| Exercise requirements |
Please transcribe the lines below exactly, and leave every image behind.

| Input material |
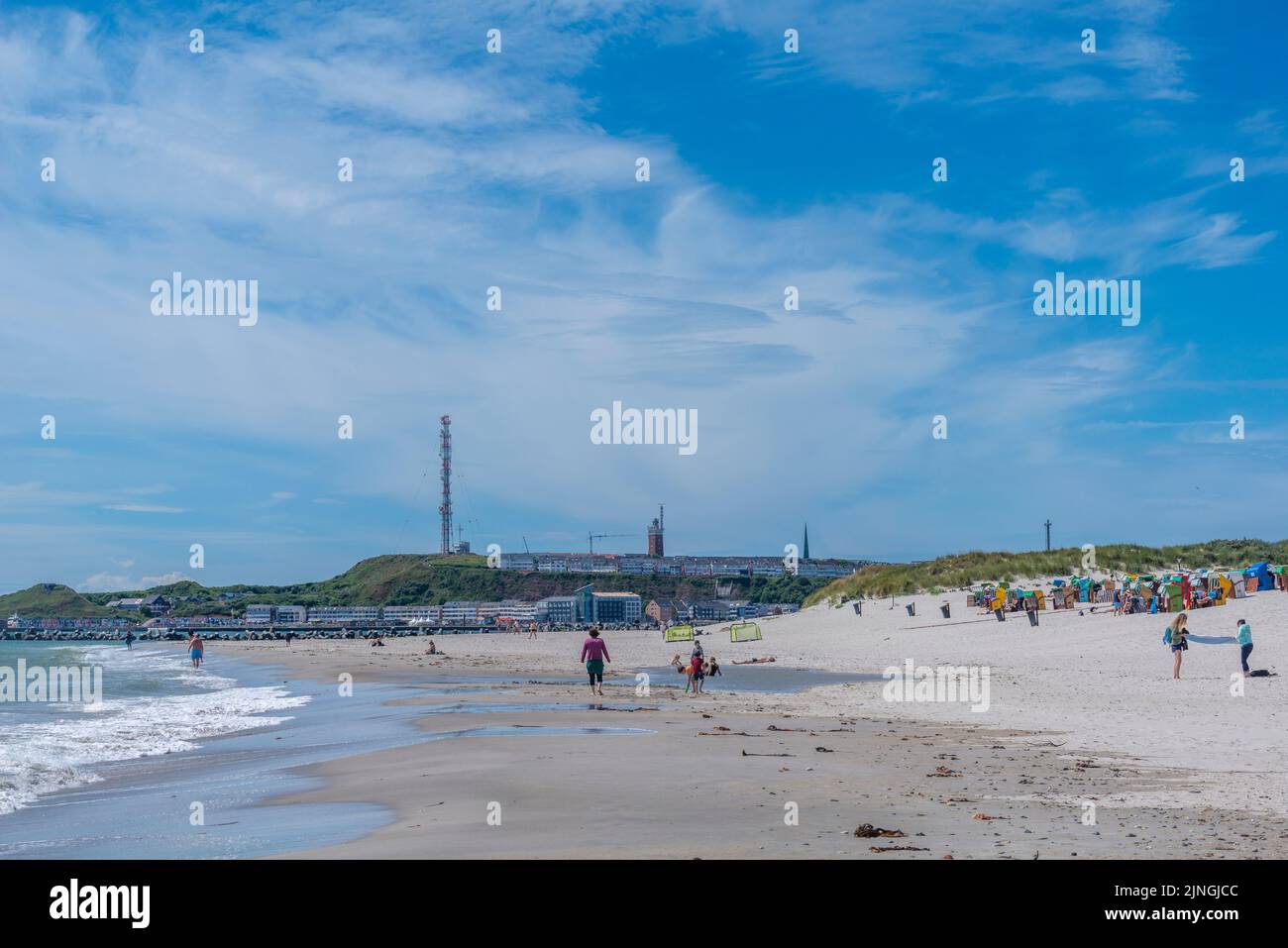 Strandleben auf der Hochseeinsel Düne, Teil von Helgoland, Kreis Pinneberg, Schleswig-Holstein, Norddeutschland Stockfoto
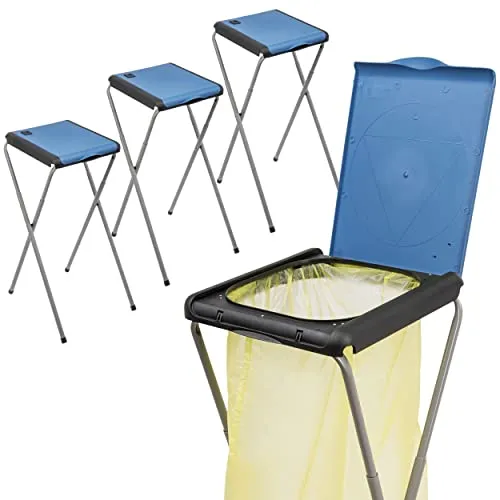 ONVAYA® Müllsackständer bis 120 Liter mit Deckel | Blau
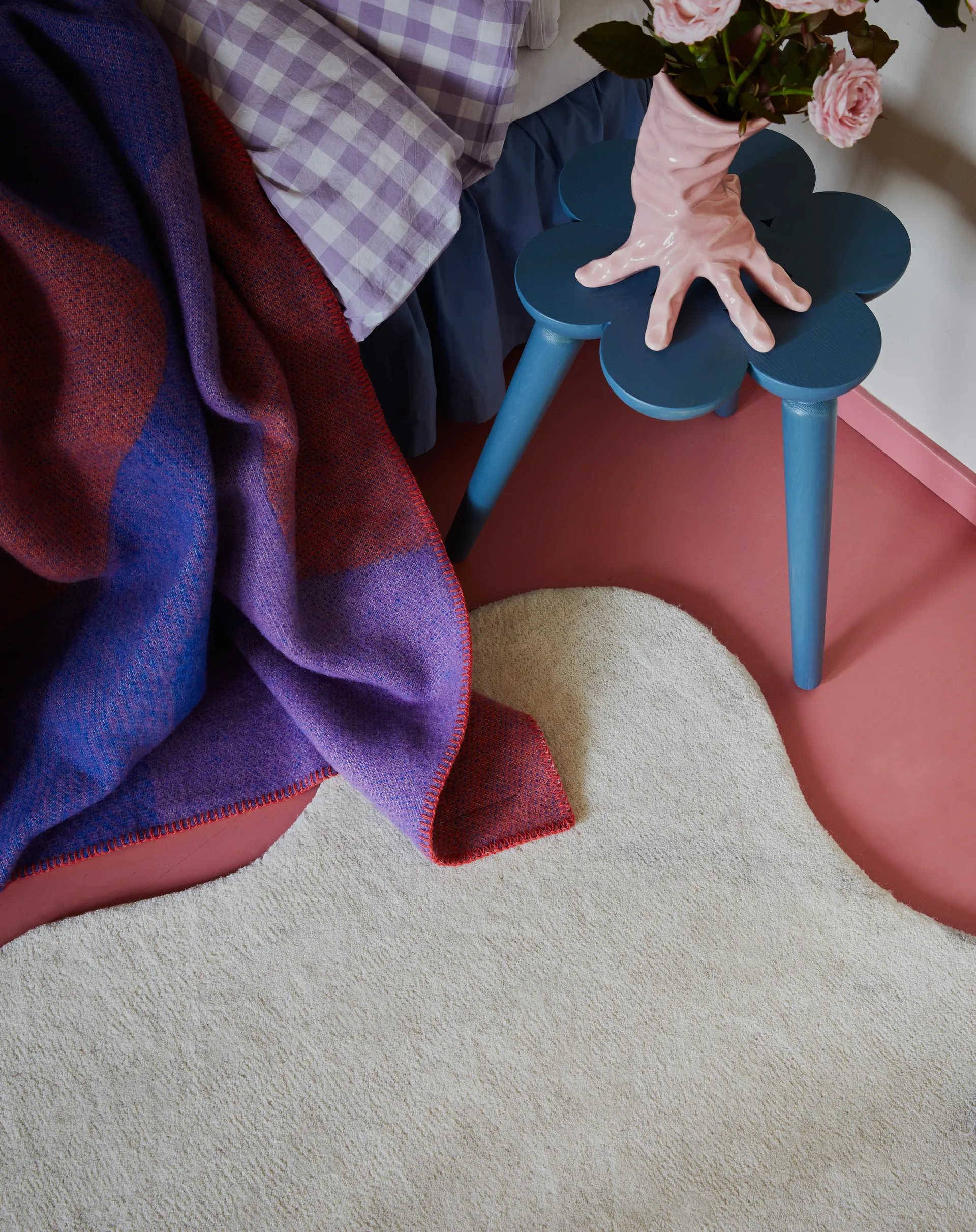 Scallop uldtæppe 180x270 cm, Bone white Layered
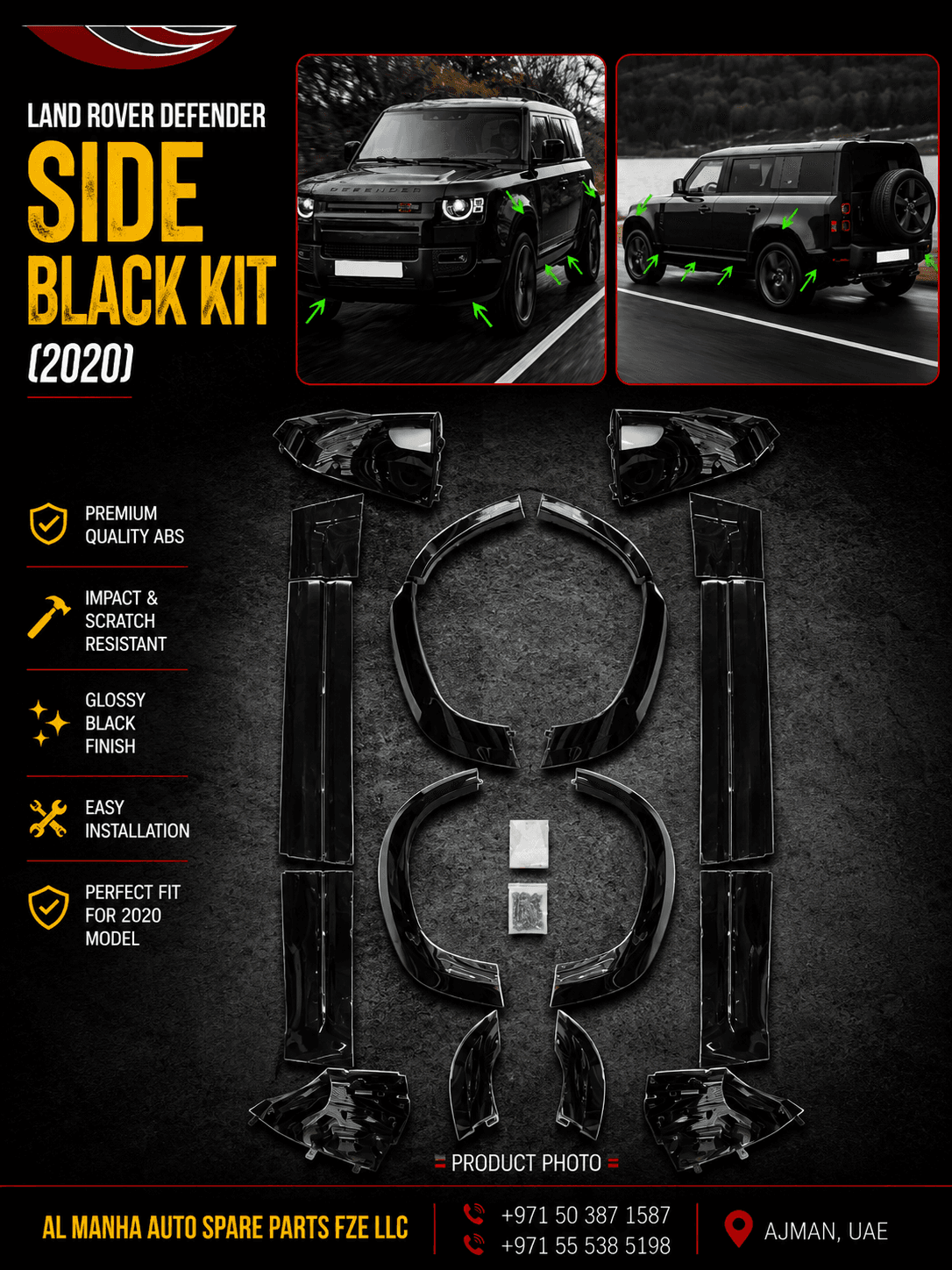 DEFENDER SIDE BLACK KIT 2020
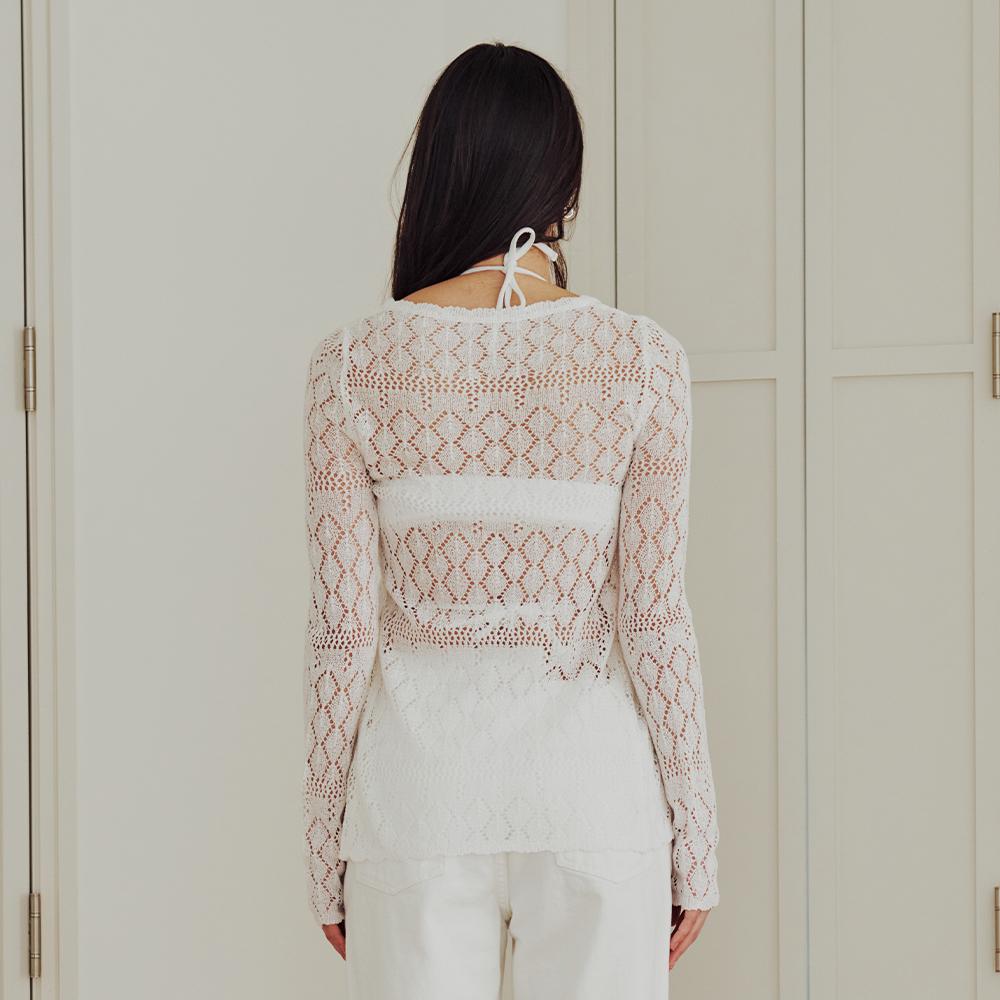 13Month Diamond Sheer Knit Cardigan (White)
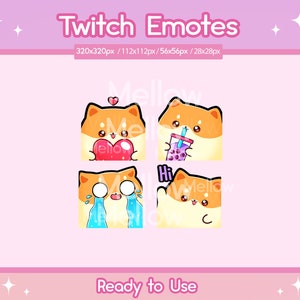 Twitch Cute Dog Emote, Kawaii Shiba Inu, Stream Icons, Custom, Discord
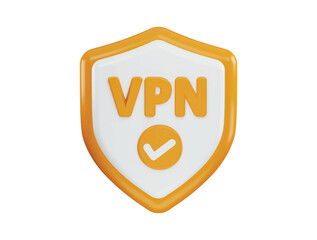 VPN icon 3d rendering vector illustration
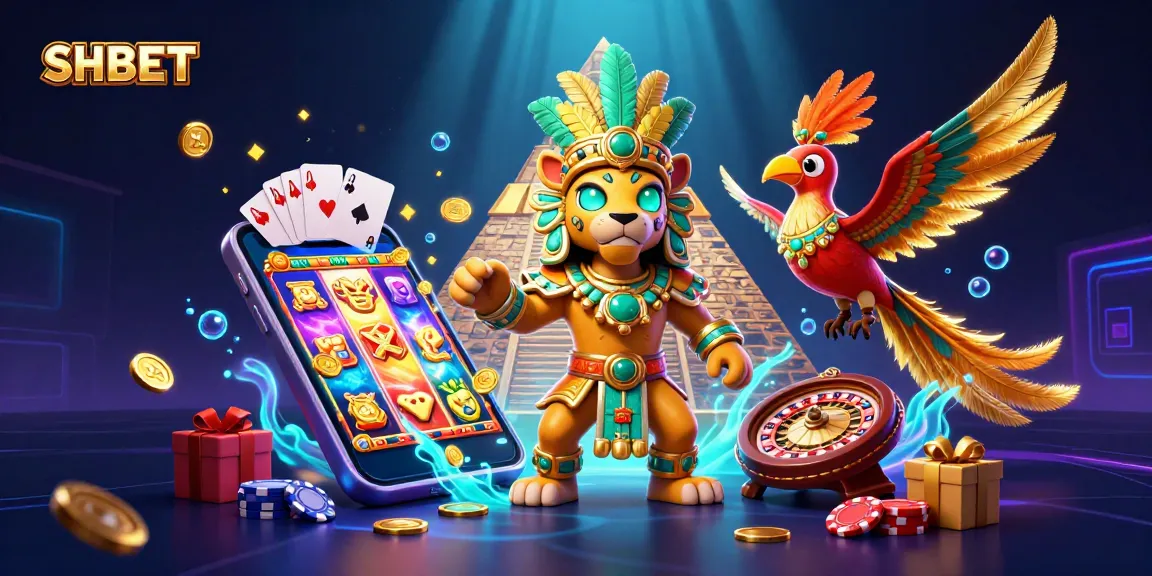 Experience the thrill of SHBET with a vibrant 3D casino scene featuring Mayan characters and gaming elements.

| Response for this exercise |
 Strandleben auf der Hochseeinsel Düne, Teil von Helgoland, Kreis Pinneberg, Schleswig-Holstein, Norddeutschland Stockfoto
 ONVAYA® Müllsackständer bis 120 Liter mit Deckel | Blau
 Scallop uldtæppe 180x270 cm, Bone white Layered
 DEFENDER SIDE BLACK KIT 2020
 13Month Diamond Sheer Knit Cardigan (White)
 Twitch Cute Dog Emote, Kawaii Shiba Inu, Stream Icons, Custom, Discord
 VPN icon 3d rendering vector illustration
 Experience the thrill of SHBET with a vibrant 3D casino scene featuring Mayan characters and gaming elements.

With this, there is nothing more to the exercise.